24. In the instant case, we have already noticed that the “pointing finger of accusation” against the appellants is “the seriousness of the charge”. The offences alleged are economic offences which have resulted in loss to the State exchequer. Though, they contend that there is a possibility of the appellants tampering with the witnesses, they have not placed any material in support of the allegation. In our view, seriousness of the charge is, no doubt, one of the relevant considerations while considering bail applications but that is not the only test or the factor; the other factor that also requires to be taken note of is the punishment that could be imposed after trial and conviction both under the Penal Code and the Prevention of Corruption Act. Otherwise, if the former is the only test, we would not be balancing the constitutional rights but rather “recalibrating the scales of justice”.
25. The provision of CrPC confer discretionary jurisdiction on criminal courts to grant bail to the accused pending trial or in appeal against convictions; since the jurisdiction is discretionary, it has to be exercised with great care and caution by balancing the valuable right of liberty of an individual and the interest of the society in general. In our view, the reasoning adopted by the learned District Judge, which is affirmed by the High Court, in our opinion, is a denial of the whole basis of our system of law and normal rule of bail system. It transcends respect for the requirement that a man shall be considered innocent until he is found guilty. If such power is recognised, then it may lead to chaotic situation and would jeopardize the personal liberty of an individual.”
10. For the aforesaid reasons, the applicant is admitted to bail in connection with FIR No. 263/2018 dated 24.12.2018 registered at Police Station Economic Offences Wing, subject to the following conditions:-
a. The applicant will furnish a personal bond in the sum of ₹1,00,000/- with two sureties of the like amount, one of which will be from a blood relative of the applicant, to the satisfaction of the Trial Court.
b. The applicant will remain resident at the address mentioned in the memo of parties [House No. 321/29, Gali No. 6, Dev Nagar, Sonipat, Haryana].
c. The applicant will inform the Investigating Officer and the Trial Court in advance of any change in his residential address.
d. The applicant will appear on each and every date fixed before the Trial Court.
e. The applicant will give his mobile numbers to the IO and ensure that the mobile numbers are kept operational and reachable at all times.
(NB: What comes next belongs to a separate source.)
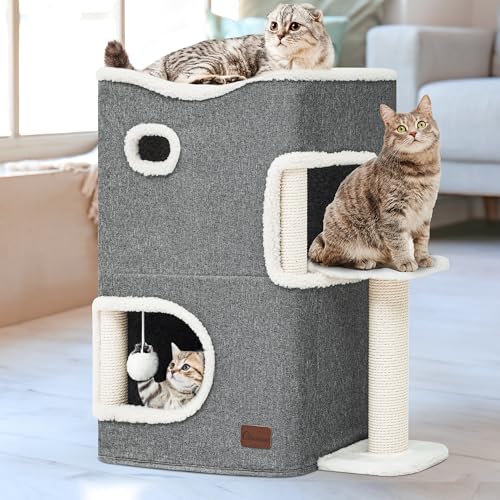 YITAHOME 2 Tier Cat House, Indoor Cat Cave Bed Playhouse, Cat Tunnels with Scratch Pad and Hideaway Cube, Cute Modern Cat Condo Furniture for Multi Small Cats, Extended (Grey)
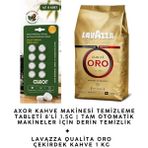 Axor Kahve Makinesi Temizleme Tableti + Lavazza Qualità Oro Çekirdek Kahve 1 kg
f. The applicant will not directly or indirectly tamper with evidence or try to influence any of the prosecution witness in the case. In case the same is established, the bail granted to the applicant shall stand cancelled forthwith.
11. The application stands disposed of with these directions.
12. Needless to state, nothing observed hereinabove shall amount to an expression on the merits of the case and shall not have a bearing on the trial of the case.